Il note que « l’Accord de Paris permet explicitement aux pays de comptabiliser les réductions d’émissions réalisées dans d’autres pays dans le cadre de leurs propres objectifs nationaux, en les désignant par l’euphémisme « résultats d’atténuation transférés au niveau international ».
Enfin, l'affirmation selon laquelle « le Brésil a également défendu la responsabilité de protéger » ne tient tout simplement pas la route. Pensez à Haïti et au rôle de « droit de protéger » que des pays comme le Brésil sont chargés de jouer. Comme Mark Weisbrot (un sympathisant du PT) Explique,
L'occupation d'Haïti par l'ONU est en réalité une occupation américaine – ce n'est pas plus une force multilatérale que la « coalition des volontaires » de George W. Bush qui a envahi l'Irak.
Et il n'est guère plus légitime non plus : il a été envoyé là-bas en 2004 après qu'un effort mené par les États-Unis ait renversé le gouvernement démocratiquement élu d'Haïti. Loin d'assurer la sécurité des Haïtiens au lendemain du coup d'État, [la mission de l'ONU en Haïti] est restée les bras croisés des milliers d'Haïtiens ceux qui avaient soutenu le gouvernement élu ont été tués et des responsables du gouvernement constitutionnel ont été emprisonnés.

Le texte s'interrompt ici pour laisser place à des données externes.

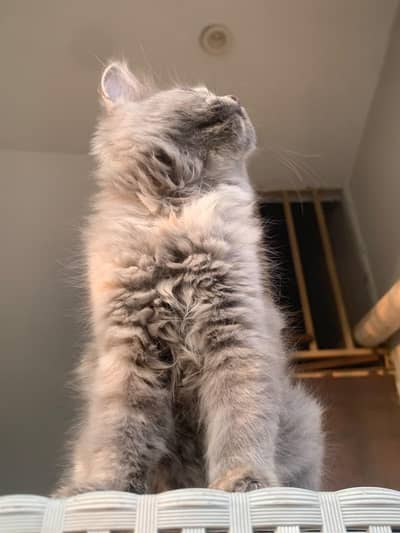 Persian cats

Malgré les responsabilités du Brésil en matière de « droit de protéger » désignées par l'ONU, il n'a rien fait pour dénoncer ou s'opposer à ces crimes d'occupation qui comprennent le viol et les abus sexuels d'enfants haïtiens par des soldats de l'ONU.
Pendant ce temps, à Johannesburg, la rhétorique de gauche de la Luthuli House de l'ANC n'est rien d'autre que des politiciens qui soufflent de la poussière dans l'air.
Quand les dirigeants de l'ANC Appelez-nous le courageux protecteur public sud-africain Thuli Madonsela, un « agent de la CIA », ou déclarer que le programme Mandela Washington Fellowship de l’ambassade américaine forme des enfants au « changement de régime », ils affichent des plumes anti-impérialistes. Mais en réalité, Washington n’a rien à reprocher à Pretoria. L'ANC a toujours excellé en parlant à gauche tout en marchant à droite.
L’empire américain est réel et oppressif, mais il ne devrait pas empêcher une évaluation claire et critique du véritable rôle des pays BRICS dans le monde.
ZNetwork est financé uniquement grâce à la générosité de ses lecteurs.